### Given records:
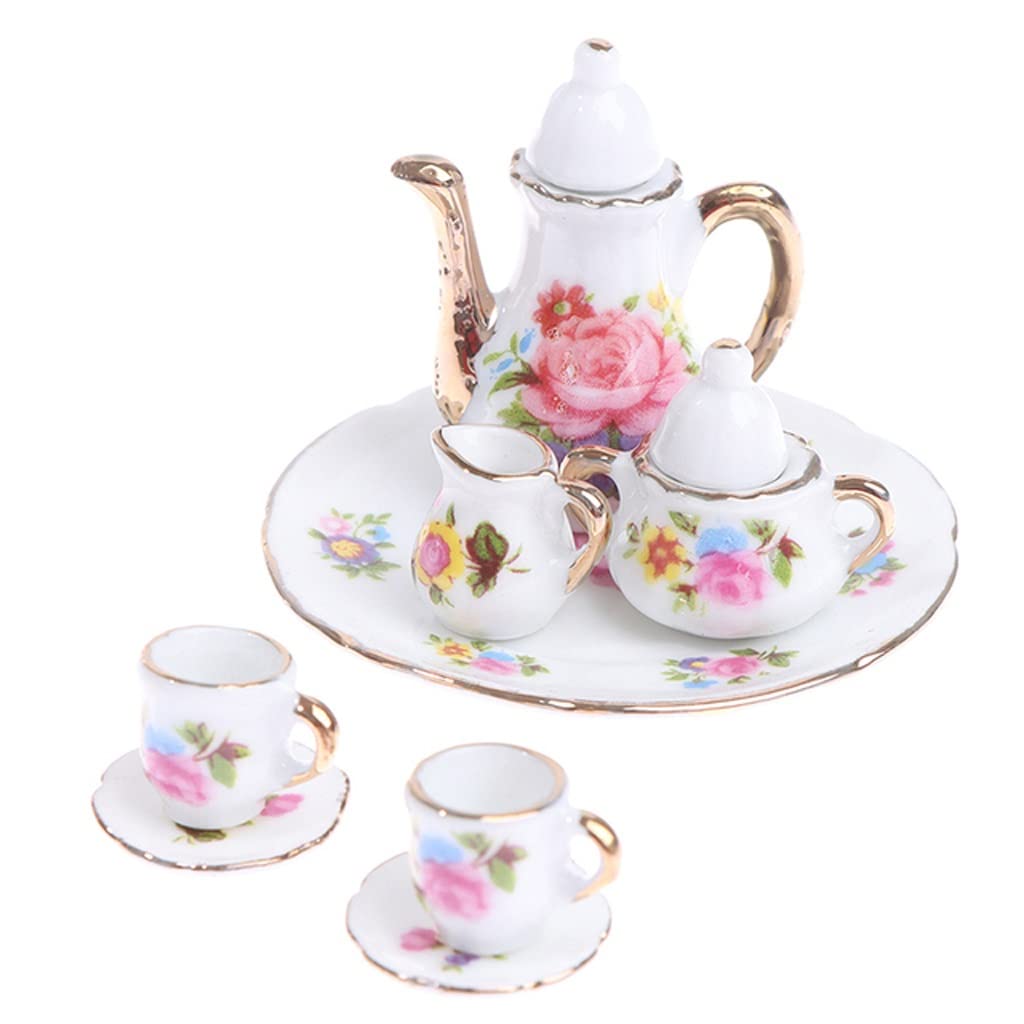 1:12 Mini Kitchen Set - Flower Porcelain Dishes, Teapot & Cups for Dollhouse & Coffee Time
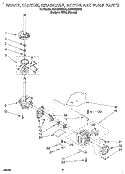 BRAKE, CLUTCH, GEARCASE, MOTOR & PUMP Diagram and Parts List for 4LSC8255BQ0  Whirlpool Washer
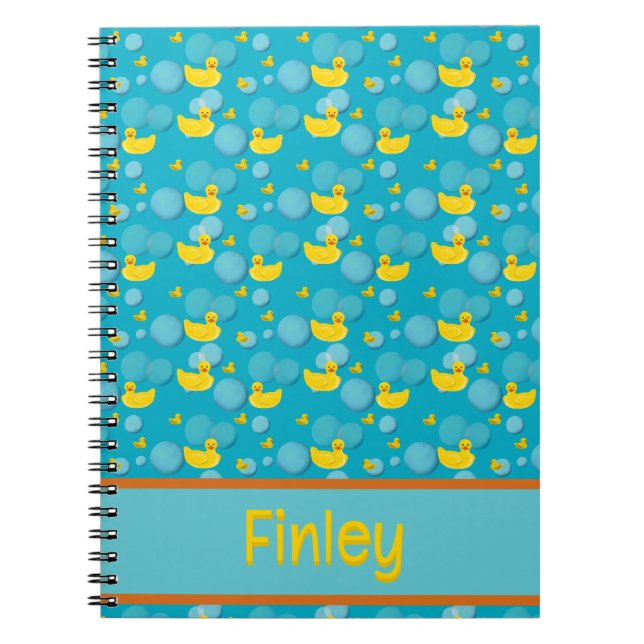 Carnet Canards en caoutchouc et motif bulles (Devant)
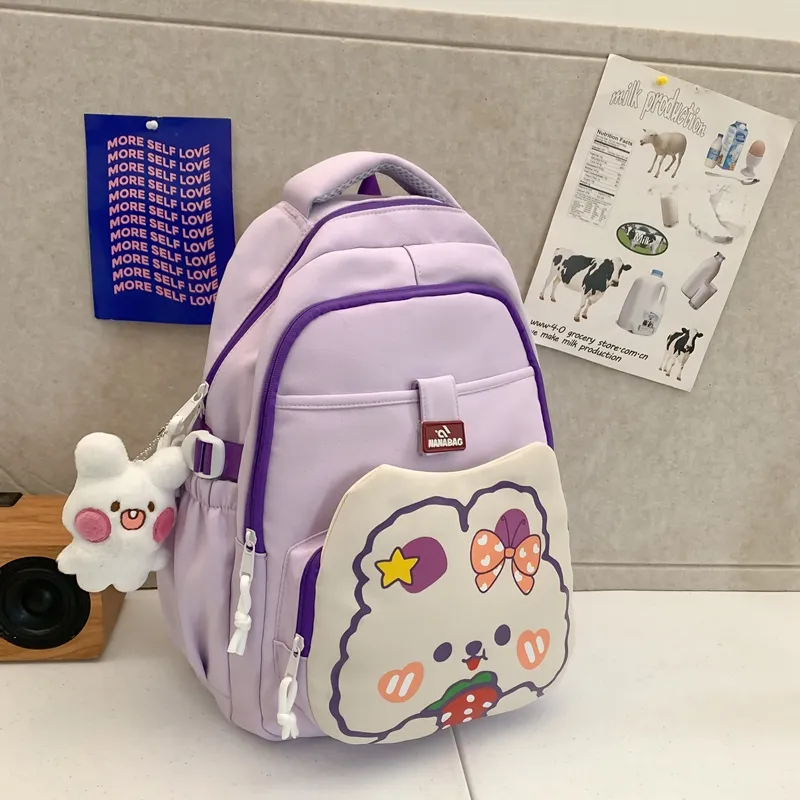 Yalu Nylon Backpack Unisex Multicolor-13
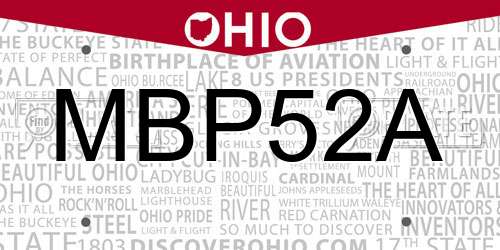 MBP52A Ohio License Plate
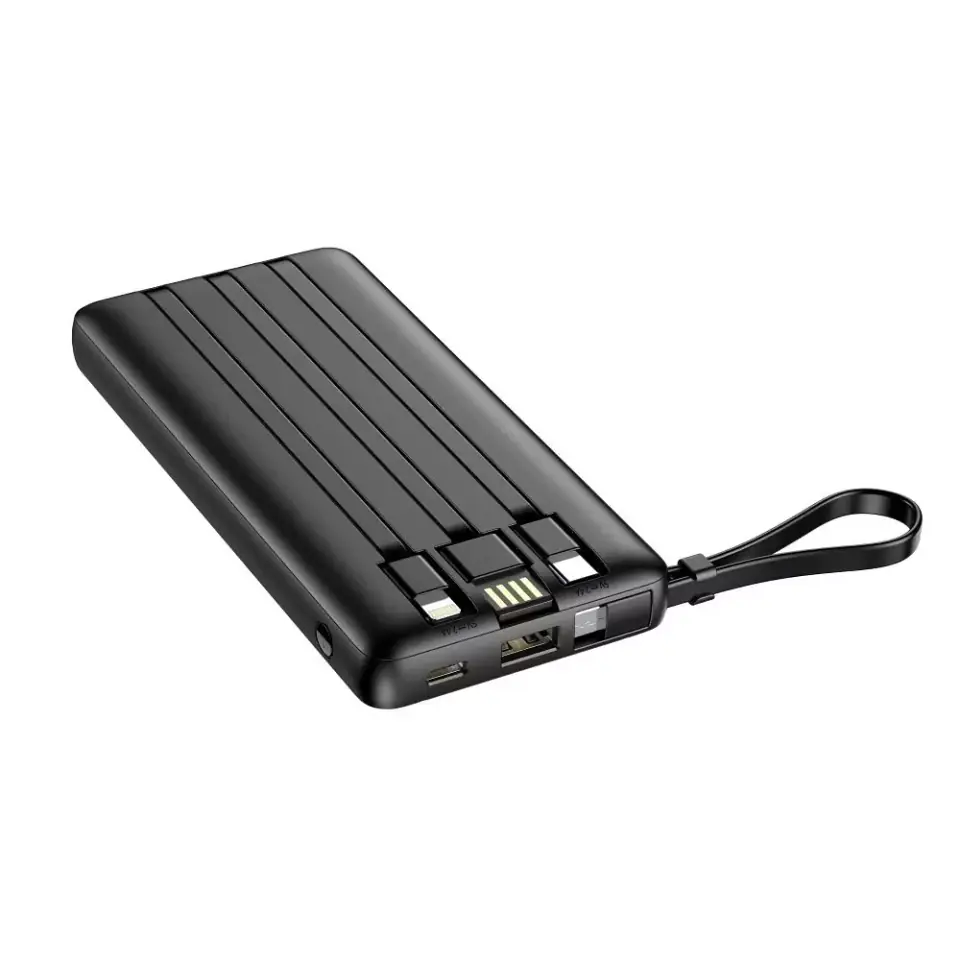 ⁨Powerbank Bateria zewnętrzna VEGER C10 - 10 000mAh (Micro + Typ C + Lightning 8-pin) czarny (W1116)⁩ w sklepie Wasserman.eu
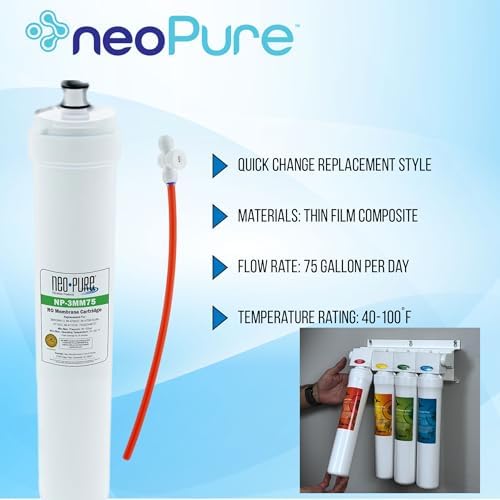 Neo-Pure NP-3MM75 SQC Compatible Membrane 75gpd Replaces Water Factory Systems 66-4706G2 Filter Cartridge, Used in SQC3 and SQC4 RO Systems - Image 2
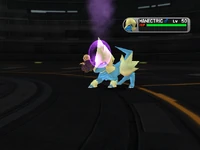 Meteorobola XD.png (259 kB) Manectric recibiendo meteorbola de tipo oscuro en Pokémon XD: Tempestad oscura.
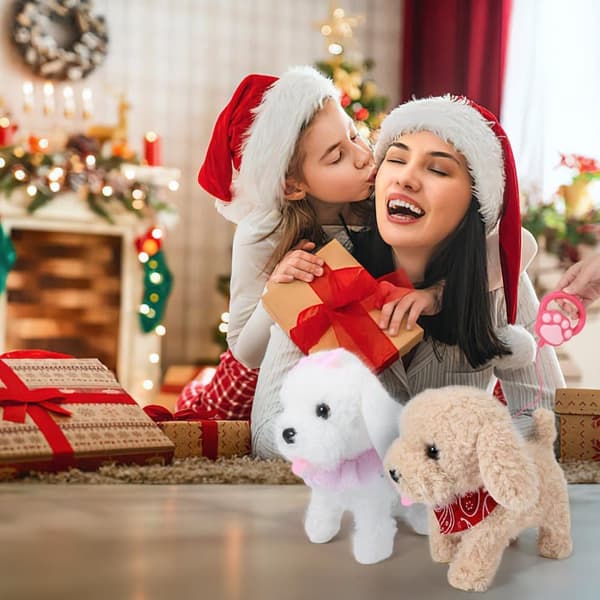 Interactive Plush Dog with Wagging Tail & Barking Function – Playful Puppy with Grooming Kit for Kids Ages 3-6 White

### Action item:
The reply is to be all the records above, transcribed exactly, with no pictures.

### Response:
 1:12 Mini Kitchen Set - Flower Porcelain Dishes, Teapot & Cups for Dollhouse & Coffee Time
 BRAKE, CLUTCH, GEARCASE, MOTOR & PUMP Diagram and Parts List for 4LSC8255BQ0  Whirlpool Washer
 Carnet Canards en caoutchouc et motif bulles (Devant)
 Yalu Nylon Backpack Unisex Multicolor-13
 MBP52A Ohio License Plate
 ⁨Powerbank Bateria zewnętrzna VEGER C10 - 10 000mAh (Micro + Typ C + Lightning 8-pin) czarny (W1116)⁩ w sklepie Wasserman.eu
 Neo-Pure NP-3MM75 SQC Compatible Membrane 75gpd Replaces Water Factory Systems 66-4706G2 Filter Cartridge, Used in SQC3 and SQC4 RO Systems - Image 2
 Meteorobola XD.png (259 kB) Manectric recibiendo meteorbola de tipo oscuro en Pokémon XD: Tempestad oscura.
 Interactive Plush Dog with Wagging Tail & Barking Function – Playful Puppy with Grooming Kit for Kids Ages 3-6 White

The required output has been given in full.